Gen Z and Maslow’s hierarchy of needs: are you helping younger colleagues to flourish?
Will Harman of agency Found looks at one of the most famous models of motivation for lessons about building workplaces that will fulfil the needs of your youngest colleagues.
Can Maslow’s hierarchy of needs help you provide a better environment for gen Z colleagues? / Michael Dziedzic via Unsplash
If you want to be a successful manager and leader of generation Z talent, you need to understand who they are and what they want from their workplaces.
I’m not going to lecture you about the gen Z perspective of the modern workplace (my colleagues Jas and Sadia have done that pretty well), but I will present you with a motivational theory that you should look to employ in your workplace in order to get the most out of your gen Z talent.
So, let’s talk through Maslow’s hierarchy of needs, a motivational theory with five levels, and how each level relates to gen Z.
Level one: physiological needs (food and clothing)
Anyone that enters the workplace looks for and successfully finds themself a job that helps them to fulfil their most basic needs. By paying your staff a decent wage you fulfil this inherent need for them.
Level two: safety (job security)
The best form of safety you can offer your staff is job security. As long as you’re not making team members work zero-hour contracts, this shouldn’t be a constant concern.
This is, however, a very important element for members of gen Z. The Covid-19 pandemic threw job security into doubt for most of the working world, but the youngest members of our workforce were only just finding their footing at work.
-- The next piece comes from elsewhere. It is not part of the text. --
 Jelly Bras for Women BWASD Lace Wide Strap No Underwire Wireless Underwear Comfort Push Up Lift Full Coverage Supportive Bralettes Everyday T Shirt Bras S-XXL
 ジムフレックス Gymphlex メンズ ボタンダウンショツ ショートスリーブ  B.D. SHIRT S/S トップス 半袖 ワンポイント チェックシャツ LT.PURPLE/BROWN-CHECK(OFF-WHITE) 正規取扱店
They started off on shaky ground; you need to offer them stability now.
The best thing you can do for gen Z staff is make it clear that you have processes in place for the future. Ensure that your team knows where they stand with you and be clear with any decisions that you make. Clarity is key.
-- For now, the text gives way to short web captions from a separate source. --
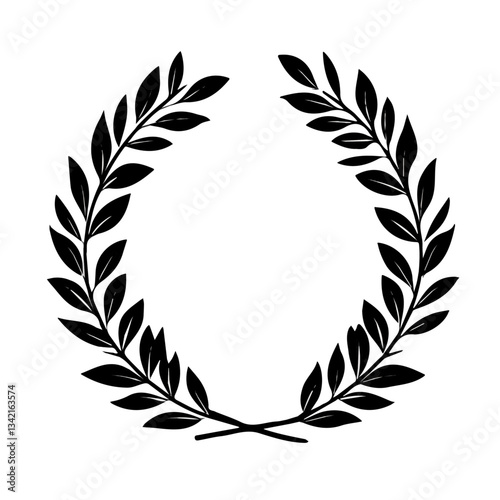 Roman Laurel symbol - black and white & minimalist design for tattoos, logos, vectors - isolated on white background.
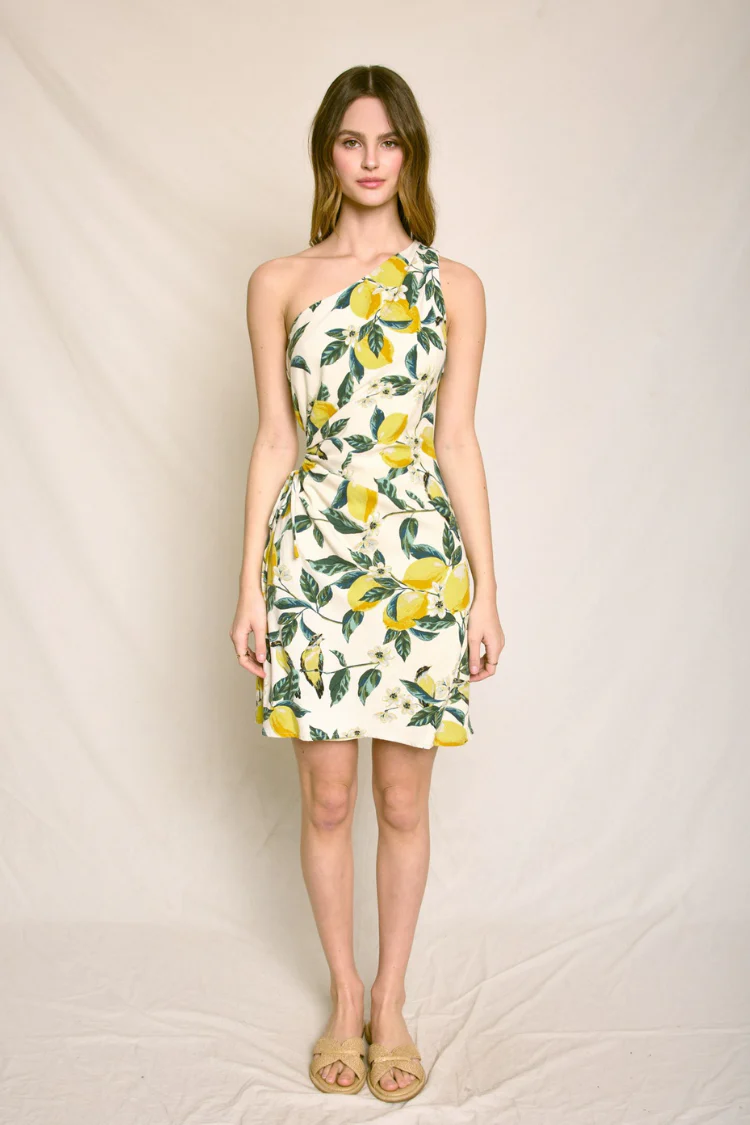 Ravello Lemon Print Mini Dress - Image 7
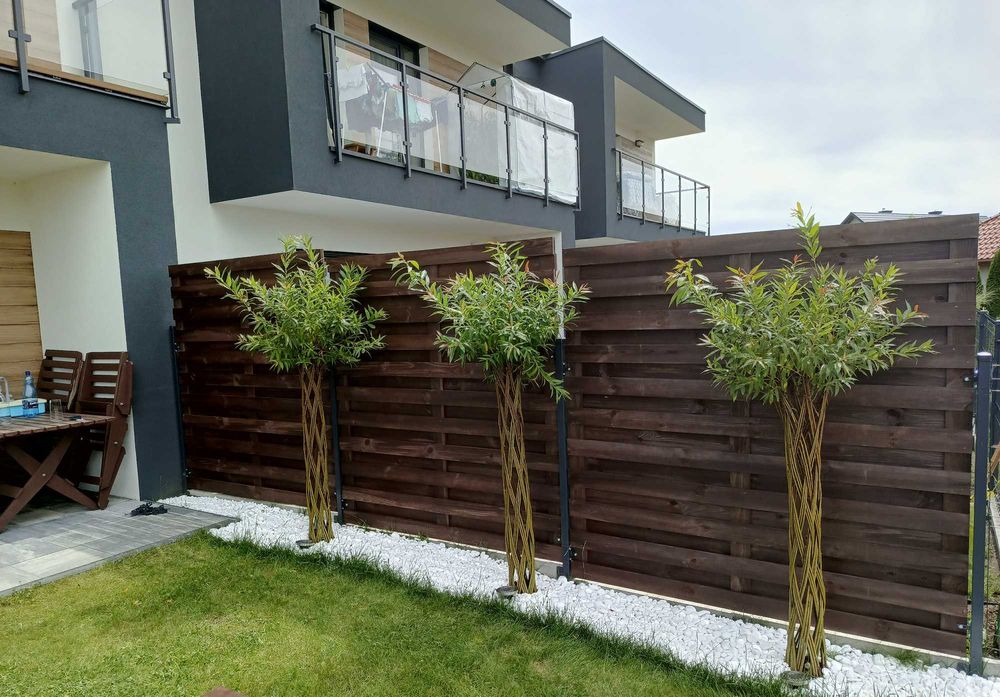 Płot Panele przęsła ogrodzeniowe lamelowe drewniane BARDZO SOLIDNIE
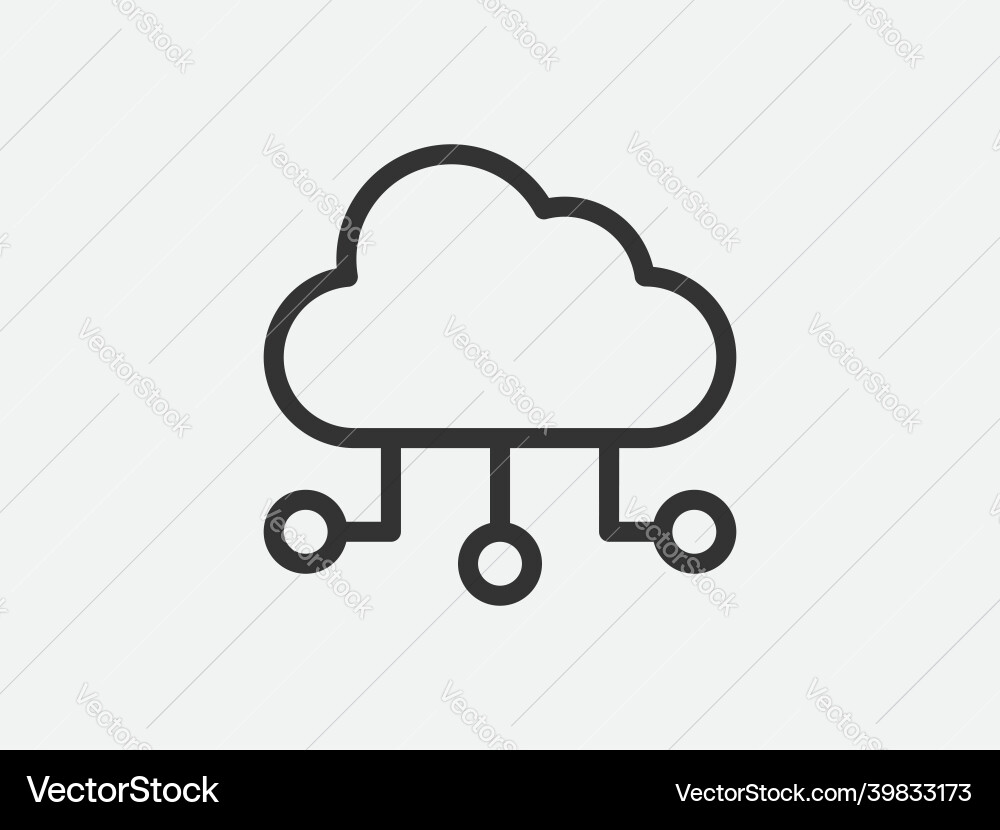 Technology icon cloud computing connection big vector image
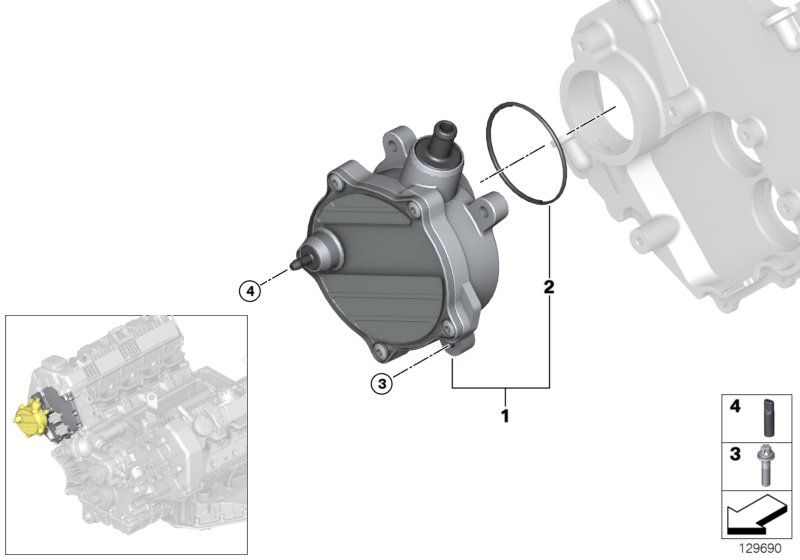 Вакуумный насос с трубопроводом для BMW E66 735Li N62 (схема запчастей)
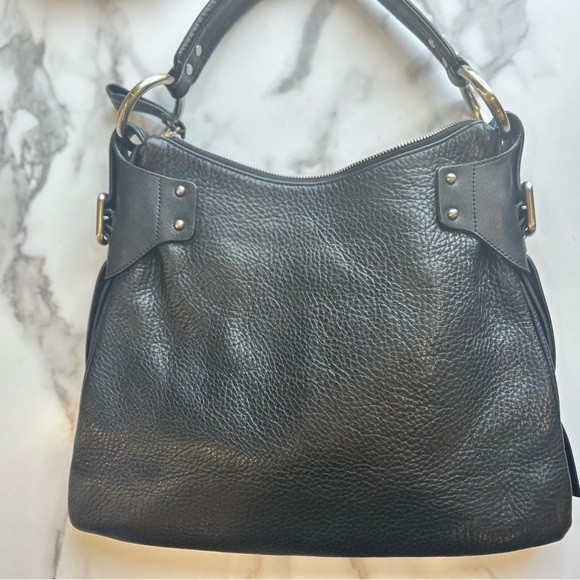 DKNY silver ring Leather black Handbag - Picture 1 of 13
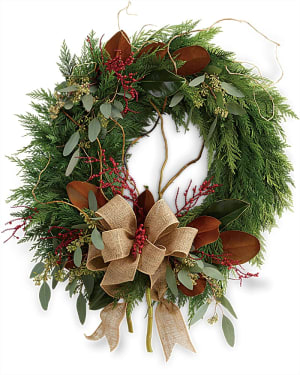 Rustic Holiday Wreath Flower Bouquet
Level three: love and belonging (friendship)
If a member of gen Z doesn’t feel like they belong in the workplace, you’ll never get the best out of them. Their creative juices won’t flow and productivity will drop.
What should you do as a manager or as an employer to make them feel like they’re wanted and belong at your business? Go the extra mile to engage with them on a personal level. Get to know them, and understand their quirks and frustrations. On an organizational level, do what you can to get a mix of age groups in social committees and working groups to ensure their opinions are being heard and they feel valued. You need to make sure that young staff are visible, and that they (and their thoughts) matter to you and the rest of your company.
Level four: esteem
Esteem is the belief that you’re working toward a higher goal, and that you’re getting credit for your contributions. For gen Z, more than any other age group, it's important that kudos and successes are communicated regularly. This is because gen Z are the first generation with hybrid/remote working as the norm.
With less face-to-face communication happening, ensuring clear communication of wins is vital. The social cues and regular shows of affection and congratulations that we became accustomed to as eager new members of the workforce are sometimes missed over Zoom. Ensure they’re done, and followed up on.
Level five: self-actualization
The final level of Maslow’s pyramid is self-actualization. Every employee wants to be the best they can be at work. Ensuring that gen Z employees have a clear career plan in place will keep them motivated. Motivated employees work harder and produce better work. As a manager you should help and guide gen Z colleagues on their career paths; it’s up to them to take ownership, but giving them guidance and providing anecdotes from your own career is a great way to buoy them up.
We need to move away from the current ‘gen Z aren’t resilient’ or ‘gen Z are lazy/soft’ mentality. It’s a toxic narrative that has no place in any workplace where decent people want to be.
If your youngest team members aren’t motivated, ask yourself what you’re doing wrong. It’s your job to lift up and empower your junior colleagues. Don’t cop out and start pointing the finger; take a good look in the mirror.
Ask not what your gen Z staff could be doing better for you; ask what you could be doing better for your gen Z staff.